Da stürzt der „Held“ eines dritten Erzählstrangs, Martyn Vorstand, auf die Bühne und tötet John of Us mit einer Bombe. Als letzte Amtshandlung stößt John Peter weg und rettet diesem damit das Leben. Martyn Vorstand ist der typische Berufspolitiker - nichts gelernt, aber aus einem reichen Haus. Ein Kotzbrocken, der seine Frau schikaniert und auf Online Pornos steht.
Wunderschön gezeichnet sind die neurotischen Androiden, die Peter Arbeitsloser bei seinen vergeblichen Bemühungen um die Retoure eines pinken Plastikvibrators in Delphinform unterstützen. Die schwarze Kiki, in die sich der schüchterne Peter verliebt, rundet mit ihrem anarchistischen Background das Ganze ab. Dazu noch der geheimnisvolle Alte... Starke Charaktere in einer rabenschwarzen Groteske. Toll!

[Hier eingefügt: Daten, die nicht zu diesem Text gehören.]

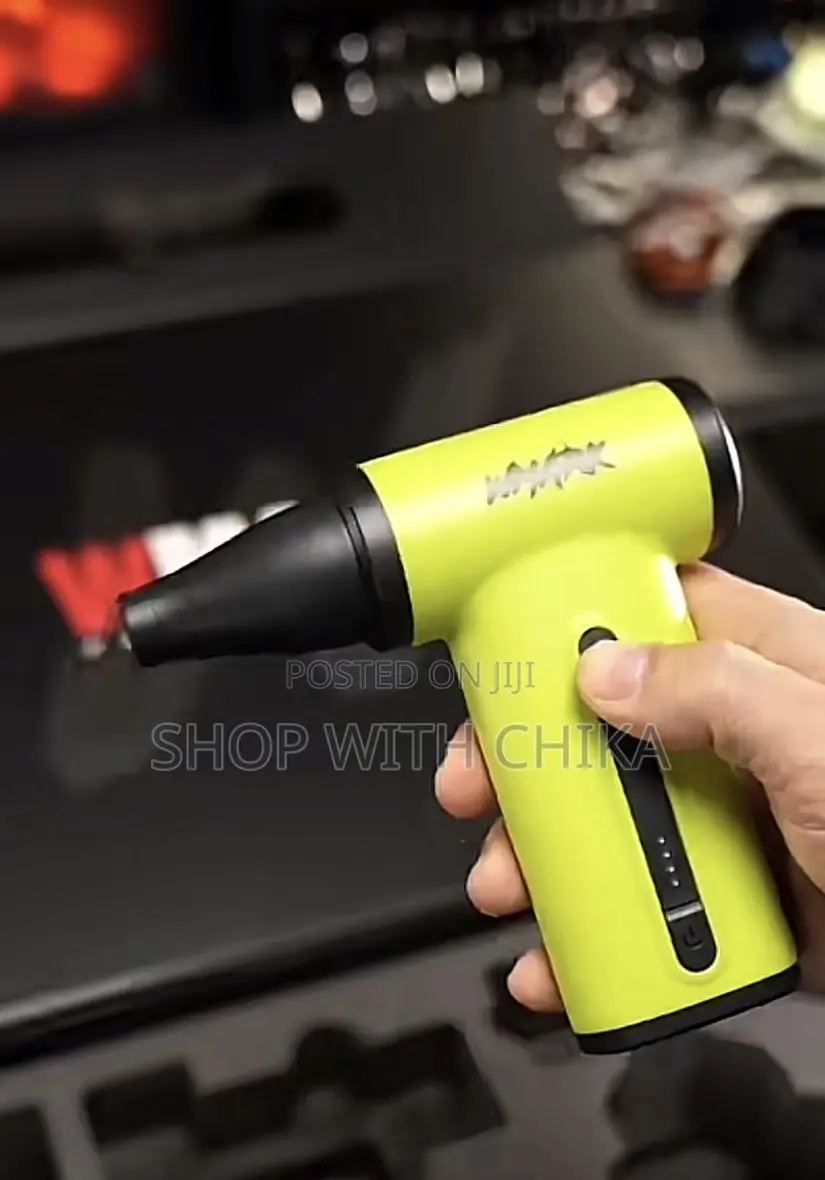 Wmark 5in1 Barber Kit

Im Gegensatz zu Dath schafft Kling es, aktuelle Missstände in unserer Gesellschaft aufzuspießen und bietet sogar Lösungswege an. Obwohl einfach geschrieben, hat dieser Roman mehr Tiefe als der hochgelobte Neptunation von Dath. Ich glaube, dass Känguru werde ich mir irgendwann doch noch mal antun.